Voedseltechnologen wordt geadviseerd: “toon meer geduld en vraag dóór.” Wat bedoelen mensen nou eigenlijk echt als ze bijvoorbeeld zeggen dat genetisch gemodificeerd voedsel onnatuurlijk is? Doe dat niet af als romantische onzin waar jij je als innovator niet mee bezig hoeft te houden.
Ook voor partijen die een bemiddelende rol kunnen spelen, bijvoorbeeld beleidsmakers, hebben de onderzoekers een aantal tips, bijvoorbeeld: “voorkom dat zorgen (te snel) worden afgedaan als ‘subjectief’ of ‘individueel’”, en: “wees alert op claims van superieure kennis waardoor de gesprekspartner wordt gediskwalificeerd.” Kortom: denk na over wat voor de partijen in het debat belangrijk is en hoe ze willen worden benaderd.
Van keihard belang
De vraag wat ‘goed eten’ is, lijkt een privézaak. De vraag is echter van keihard belang, omdat voedselinnovaties aanleiding kunnen geven tot veel maatschappelijke onrust en uiteindelijk kunnen leiden tot kostbare mislukkingen.

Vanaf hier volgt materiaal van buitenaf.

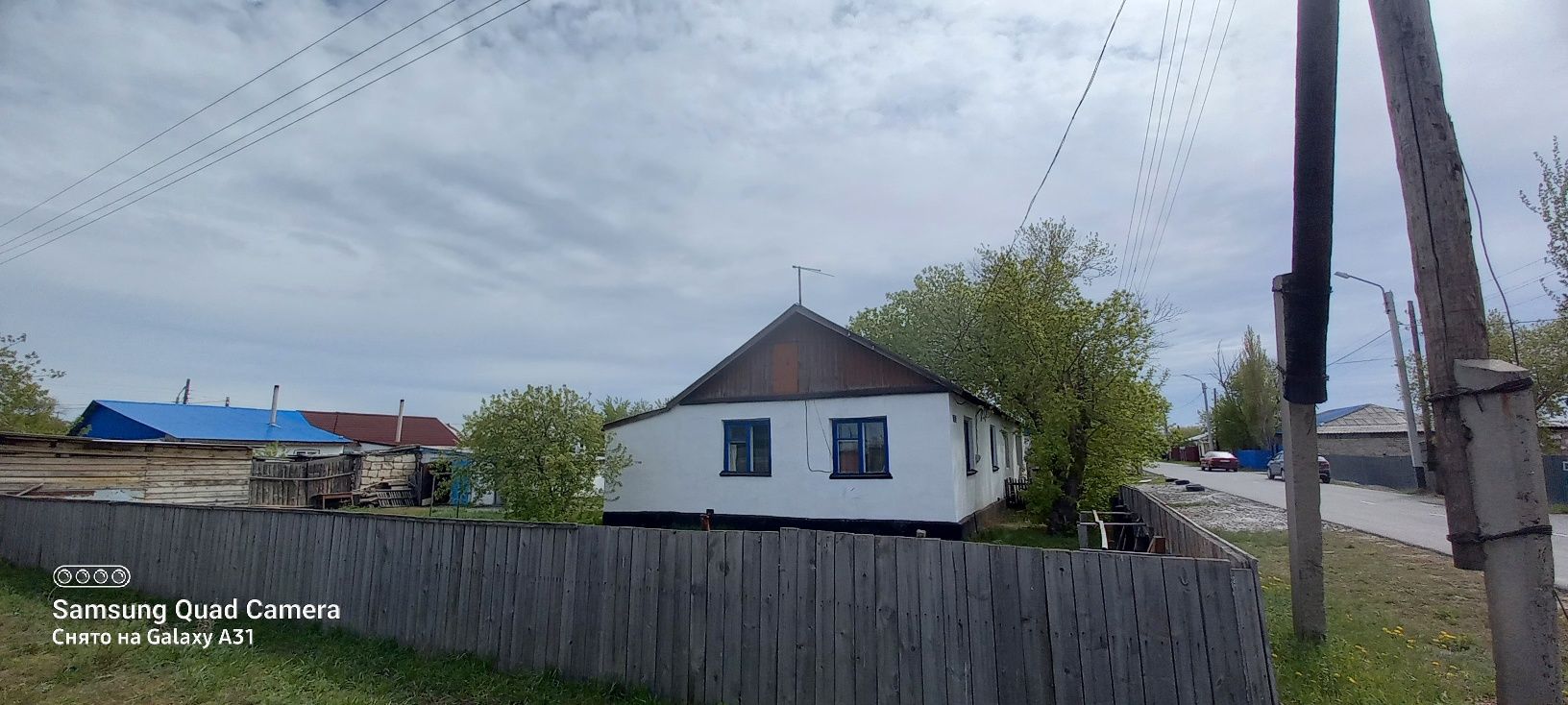 Продам частный дом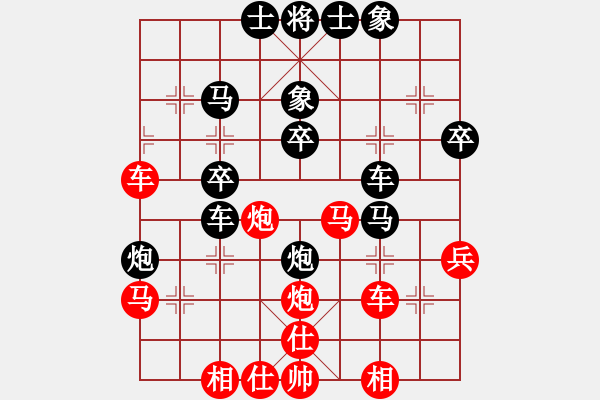 象棋棋譜圖片：湖北 趙子雨 勝 煤礦體協(xié) 景學(xué)義 - 步數(shù)：40 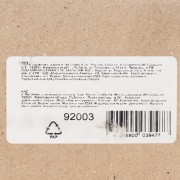 Петля гаражная с шаром, D 18 x 120 мм, 4 шт, Сибртех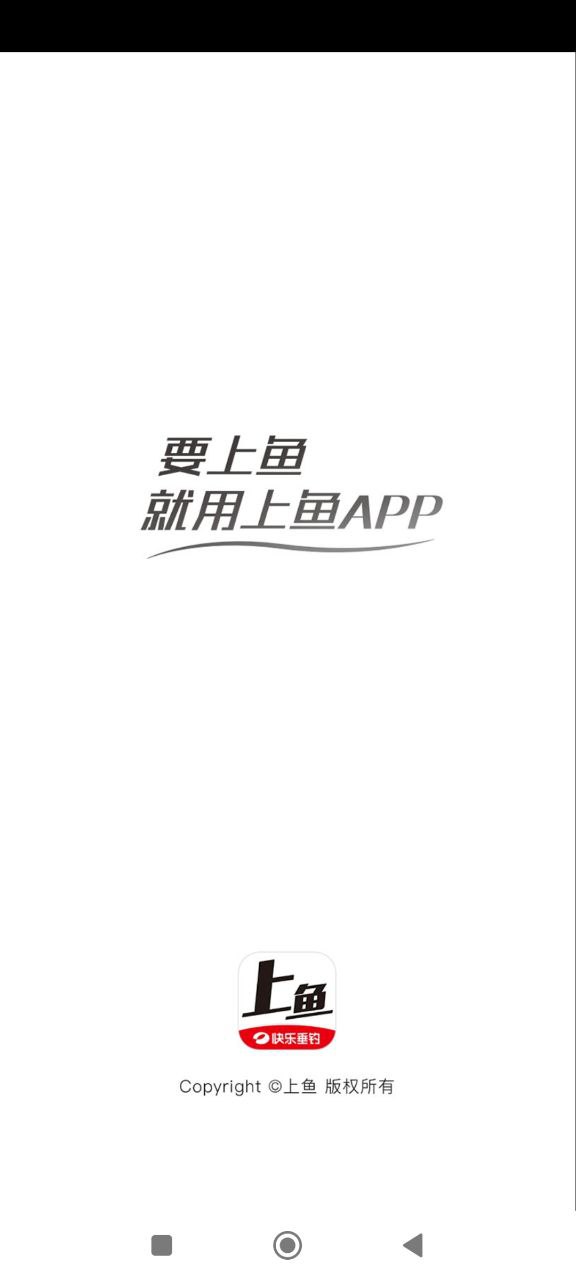 上鱼app
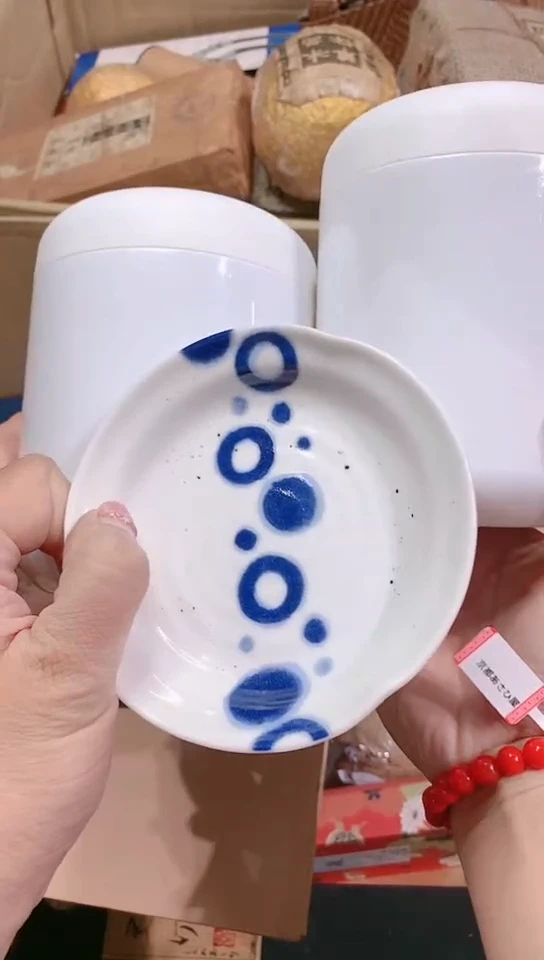 【闪购商品】瓷器默认连接一物一拍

De recente publieke discussies over e-nummers zijn een goed voorbeeld. Veel consumenten wantrouwen e-nummers, terwijl deze stoffen door de EU zijn goedgekeurd als veilig voor de gezondheid. De neiging van voedseltechnologen is om dat laatste keer op keer te benadrukken. Steeds meer voedselproducenten komen er echter achter dat dat niet helpt en gaan over tot het verwijderen van deze ingrediënten uit hun producten.
NWO-MVI aanpak
Het onderzoeksteam bestond uit twee hoogleraren levensmiddelentechnologie, een techniekfilosoof en een sociaal wetenschapper die onderzoek deed naar de percepties van stakeholders. Het team heeft gezamenlijk inzicht verworven in de interactie tussen technische kenmerken en de harde en zachte ethische en maatschappelijke aspecten van voedsel. De scenario’s werden bijvoorbeeld gebruikt als input voor workshops, waarin onderzoekers samen met mensen uit de praktijk meer inzicht verworven in maatschappelijk verantwoorde voedselinnovaties. Onder de deelnemers bevonden zich levensmiddelentechnologen, beleidsadviseurs, voorlichters, communicatieprofessionals, marketeers en andere voedselprofessionals.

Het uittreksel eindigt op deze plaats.